文七元結を聞く会
久しぶりにナンバを歩いた。あいかわらずナンバウォークで迷う。学生時代よく行った小さな天丼店を見つけて感激。なんのことはないトリイホールはその向かいだった。今回は大学の落語研究会のOBによる上演である。したがって素人の会である。
文七元結 by 直太朗さん
長兵衛は腕のいい職人だが博打にはまり負けて帰っては、女房に手を出すとんでもないDV野郎だ。長兵衛が博打から足を洗うために、娘を吉原に預けて50両(現在の二千万円くらい)を手に入れた帰り道、吾妻橋から身投げをしようとする若者に出くわす。商売の金50両を掏られお店に申し訳が立たないので死んでお詫びをするという。長兵衛はその身知らずの男に50両を渡して自殺を思いとどまらせる。無一文で帰った長兵衛のウチでは大喧嘩が始まり、大店(おおだな)では掏られたと思った金が先に戻っていて、この50両はどうしたんだと大騒ぎになる。最後は長兵衛の心意気に大店の旦那他が感心してハッピーエンドになる。

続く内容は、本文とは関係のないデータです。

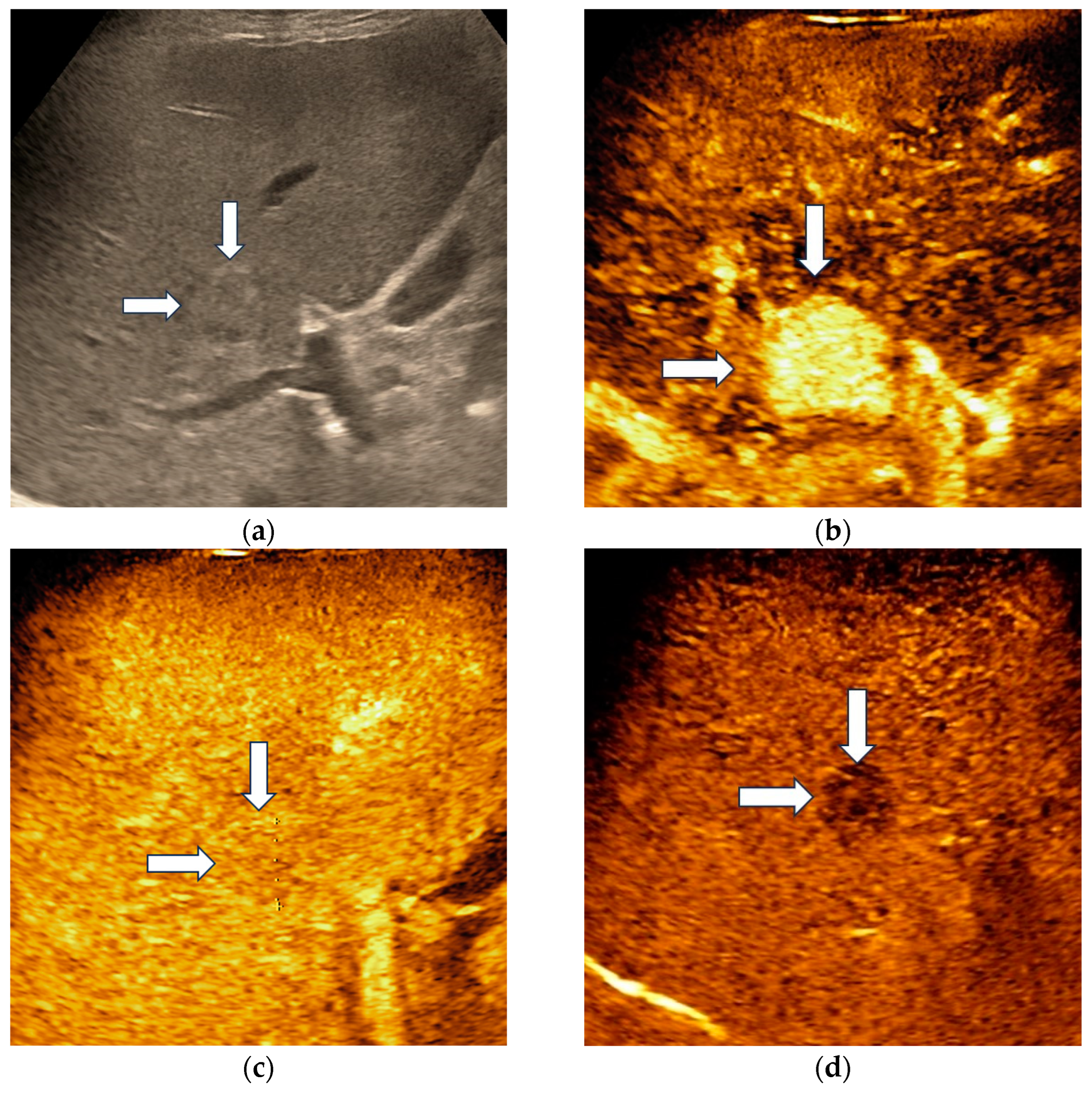Diagnostics 13 03387 g002 Diagnostics 13 03387 g002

べらんめいの男が身知らずの男の命を救い、それが元でおめでたい結末を迎えるというできすぎた話だが人情話噺としてこれくらいのギャップがないとおもしろくない。
僕が聞いたことがあるのは圓生さんと志ん朝さんのだが、どちらも死ぬの生きるのを江戸っ子の気っぷの良さで語っている点に腑に落ちない気がしていた。
今回は現代風に「死んじゃいけねぇんだ」のセリフが繰り返され強調されることで長兵衛の性格以上のものが表現できたのではないかと思う。力演でございました。